The conductor replied, saying”This is nothing new for me. Ten years ago, Tony Bliss [then the Met’s general manager] called me about reports of a morals charge in Pittsburgh or Hawaii or Dallas. Both my friends and my enemies checked it out and to this day, I don’t have the faintest idea where those rumours came from or what purpose they served. Ron Wilford [Levine’s manager] says it’s because people can’t believe the real story, that I’m too good to be true.’’
In Germany, Der Spiegel touched on the issue in 1997 when Levine was being discussed as the successor to Sergiu Celibidache at the Munich Philharmonic Orchestra. Johanna Fiedler's 2001 book Molto Agitato: The Mayhem Behind the Music at the Metropolitan Opera mentions "malicious gossip, rumours of orgies, and homosexuality, and chamber music played in the nude". Fielder, a former press officer at the Met, largely debunks the rumours.
Whatever transpires, Levine appears damaged and the Met is too.
The news from New York broke on the same day that BBC Radio 3's Music Matters programme carried an item on bullying and sexual harassment in the classical music world.
Britain’s Incorporated Society of Musicians (ISM) carried out a survey of its members. ISM chief executive Deborah Annetts said that, of the 250 responses received, “60 per cent are reporting discrimination of some sort or another and the chief form of discrimination is actually around sexual harassment”.
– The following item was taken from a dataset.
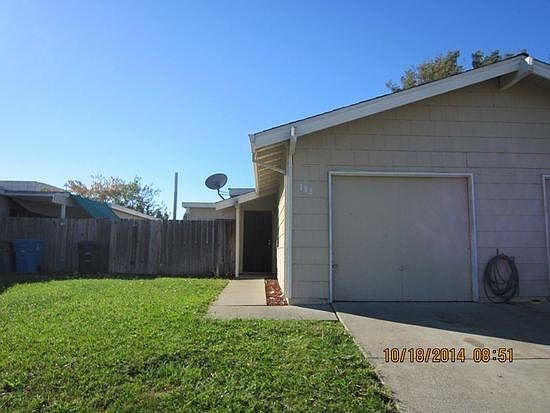1st image of 190 Woodbury Cir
It takes place, she said, primarily in orchestras and ensembles but also in schools and conservatories. The incidence is higher among self-employed musicians than among musicians in regular employment, and 75 per cent of victims choose not to report sexual harassment.
“The reason for that,” she said, “is because people are frightened that they are going to lose work if they make a complaint. We really need to tackle this culture, because the culture is just not acceptable in 21st-century Britain.”
Music Matters put the survey's findings in the context of another survey, carried out online by Arts Professional magazine in October and November. That survey was not restricted to musicians and received 1,580 responses, most of them from Britain. It revealed that 80 per cent of its respondents were aware of harassment having taken place, 48 per cent had experienced it personally, and in 69 per cent of cases the perpetrator was in a more senior position.
Only 23 per cent of those who reported an incident to their employer felt that they received an appropriate response.
Arts Professional's editor Frances Richens spoke of a lack of capacity within arts organisations to deal with instances when they occur and also in some instances a lack of willingness, too. "There's the fact that a lot of arts organisations are micro-businesses," she said. "They're run by very small teams of people, who are under-resourced and over-stretched. They don't have somebody who is responsible for HR and trained in HR. So they can really struggle to deal with this. But also quite often they will have personal, close relationship with the person who is being accused of sexual harassment."
The survey also found that arts organisations can be unwilling to deal with the issue “if they fear that tackling the harassment will have unfortunate ramifications for their reputation, may lead to a loss of audiences, a loss of funding, even”.
This sounds like a description of the Met. And conversations I’ve had with victims over the years suggests that Ireland is no different in relation to these issues than Britain or the US.